As SA grows, so does the GEPF
The GEPF’s developmental approach targets four investment areas: economic infrastructure (such as roads and bridges); social infrastructure (such as hospitals and housing); green economy projects; and small enterprise development and black economic empowerment initiatives.
The Fund’s asset allocation investment strategy supports investment in road and air transport, logistics and telecommunications, and water provision. Domestic bond holdings are capped at 36 percent of the total portfolio.
South Africa’s infrastructure backlog by 2010/11 was estimated at R1.5 trillion. The GEPF saw this as an opportunity to grow its portfolio.
As the largest investor in South Africa with interests across the spectrum of the economy, it is in our interest to partner with government, investors and other interested partners in getting South Africa into a higher economic growth trajectory.
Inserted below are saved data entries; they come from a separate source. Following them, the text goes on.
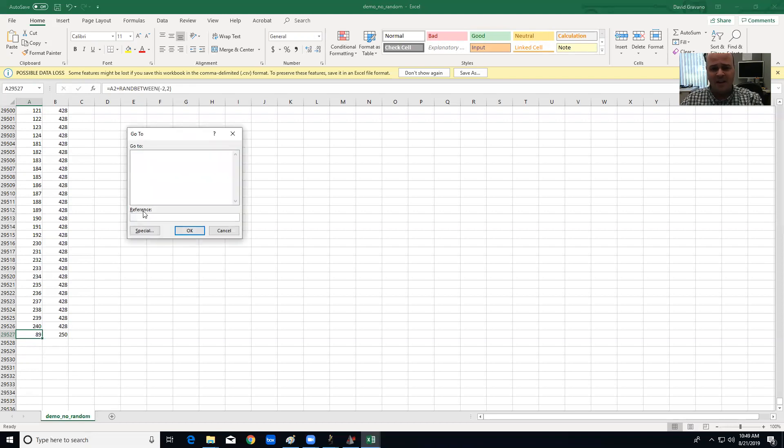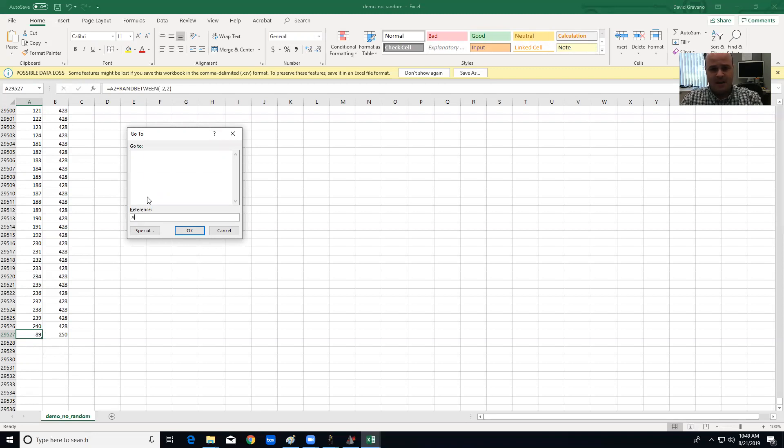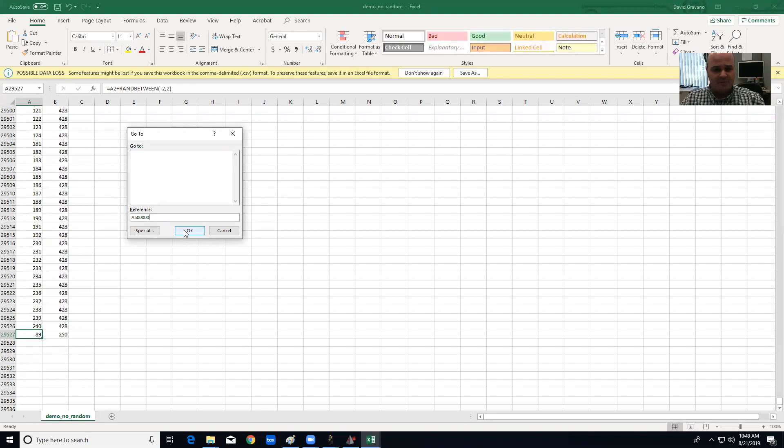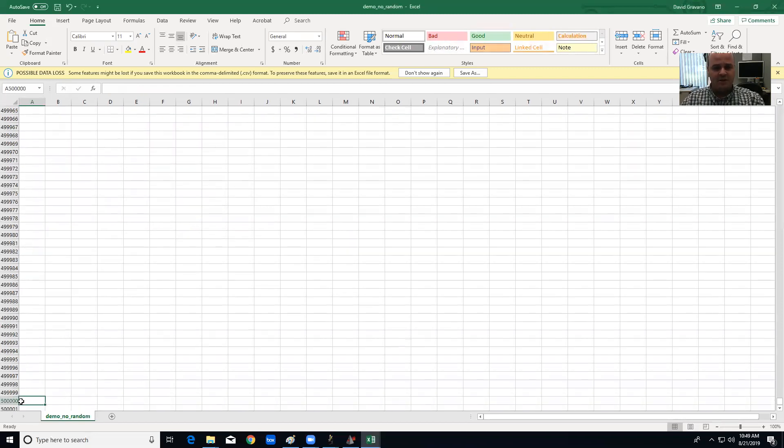So I'm going to press the F5 button and I'm going to put a 500,000. So what that's going to do is go down to the 500,000th row.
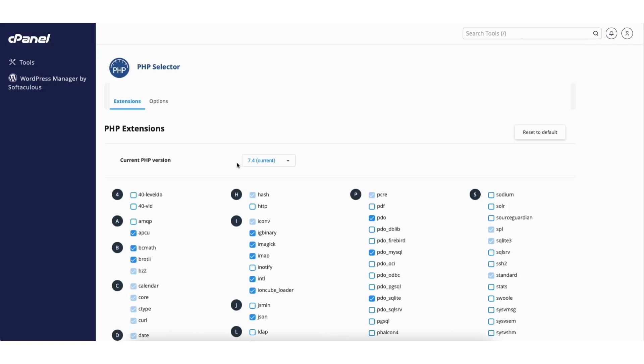You'll now be on the PHP selector page. You'll see the current PHP version with a dropdown. Click the dropdown.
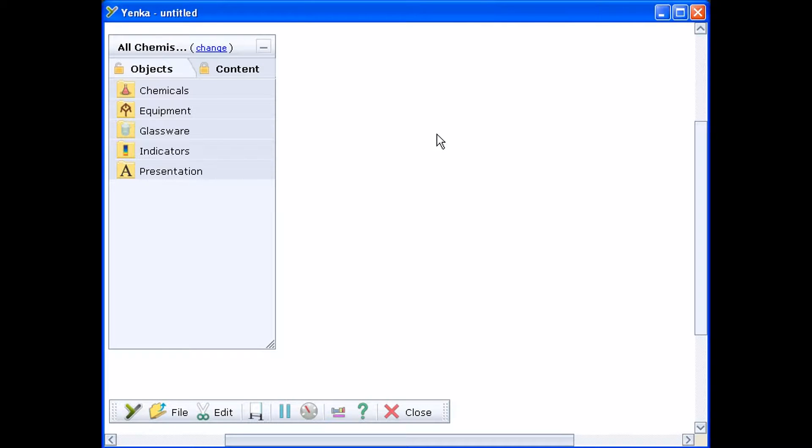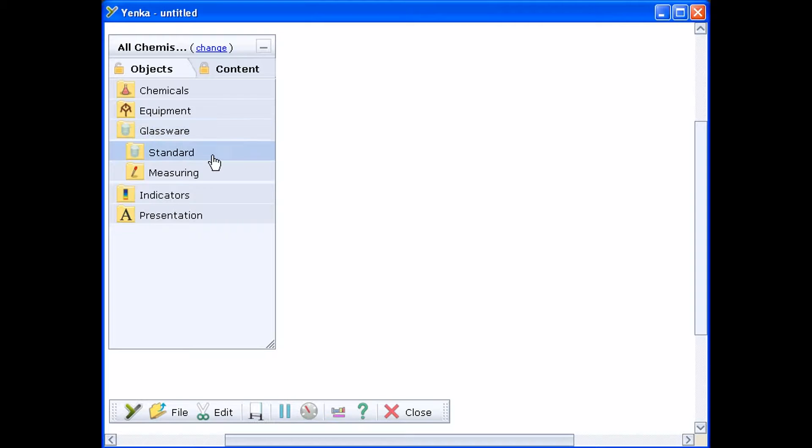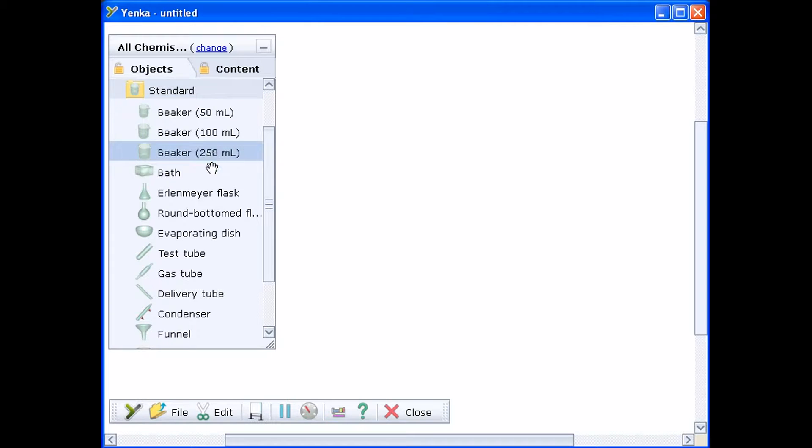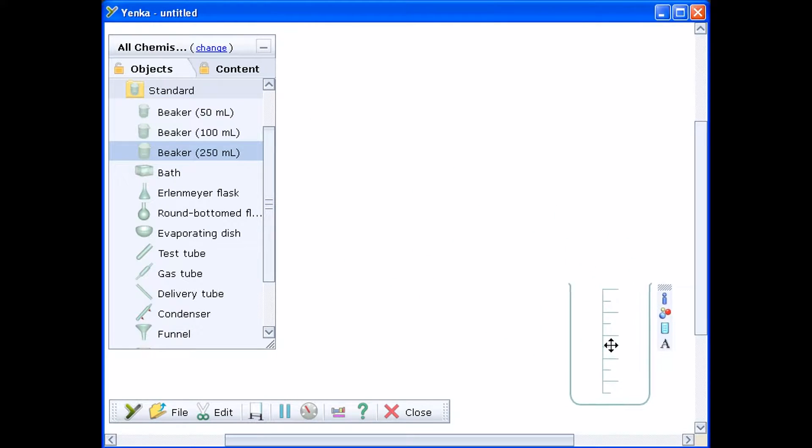This video shows you how to use Yenka Science to simulate electrochemistry experiments. Start by dragging on a beaker from the glassware folder.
We aim to ensure that SA’s economy grows to grow our members’ assets.
Sustainable investment in the wake of the global crisis
The global financial crisis that began in 2008 was the catalyst for GEPF to review its investment strategy. Pension funds, especially those in developed markets, were highly exposed to the collapse in global equities markets and a simultaneous drop in long-term yields. This led to lower pension asset values and rising actuarial liabilities for many funds, resulting in substantial funding and solvency problems.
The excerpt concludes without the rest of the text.